Elliott admits that breaking the news about the fact that she was going to fall camp with the football team to both Tom Dickson, her sprint/hurdles coach at SFU, and to her dad, prompted some head-scratching reactions.

“My dad said to me ‘Kristie, are they actually serious about you?’ And I said ‘I don’t know, but I am going to go out,’” she says, adding that her plan is to both play football and run track for the Clan.

Elliott sends heartfelt kudos to former Handsworth Secondary Royals head football coach Richard White, whom she reached out to for some tips, training and advice after she accepted Ford’s invitation to fall camp.

“I’m still a little in shock about it, but these guys don’t intimidate me at all,” smiles Elliott of her new teammates. “At first I was a little scared and there is that stigma that football guys are all so scary.
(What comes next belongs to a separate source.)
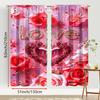 2 шт. Розово-фиолетовые шторы с надписью 'LOVE' и розами   Стиль признания   День святого Валентина   Спальня Гостиная   С карманом для штанги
But they are all so nice. These guys are all like teddy bears, half of them, and I am an outgoing person so it’s nothing I am afraid of.”

Ford is the first to admit that the hurdler-to-football kicker model doesn’t have a whole lot of tradition to recommend it.

Yet he does see the transfer from one sport to the other.

“When you think about what she has to do (as a hurdler), it kind of translates to kicking,” Ford begins. “You’ve got to do a lot of training and you don’t get many live reps, and when you do, it’s a pretty high-pressure situation to perform in that one rep. I think mentally, that experience will help her.”

Simon Fraser head coach Thomas Ford has watched rookie Kristie Elliott find her comfort level as a freshman kicker with the Clan. (Photo by Howard Tsumura property of

For Elliott, the past few weeks have been a blur.

Yet nothing to her has been more meaningful than the level of acceptance demonstrated towards her by her new teammates after she booted her walk-off field goal to end practice.

“The most I’ve ever kicked in front of was like 20 people, and here, there’s over 100 people,” she begins. “I am standing there, shaking and shivering and freaking out because I have no idea what I am doing. Plus I have my pads and my helmet on, and I’d never kicked like that before.

“Then coach says it’s double or nothing so it’s double the pressure,” she says with added animation. “I felt that coming in I had a lot to prove. First of all, I’m female. And second, no one has seen me kick before. This was the moment of truth. So then I nailed it, and I have to say it was a beautiful kick.”

What followed was special.

“All of these guys are freaking out,” Elliott says. “I am in the middle of this huddle and they are smashing into me, picking me up, chanting my name. I’ve had so much more confidence after that.”

So welcome to the ongoing story that no one saw coming.

Welcome to the story that, more than anything else, is about infinite possibility and the underdog in all of us.

When coach Thomas Ford asked his team “Do you believe in Kristie Elliott?” he was just as much asking the rest of his players how much they all believed in themselves.

And what better question can any team ask itself at the dawn of a new season?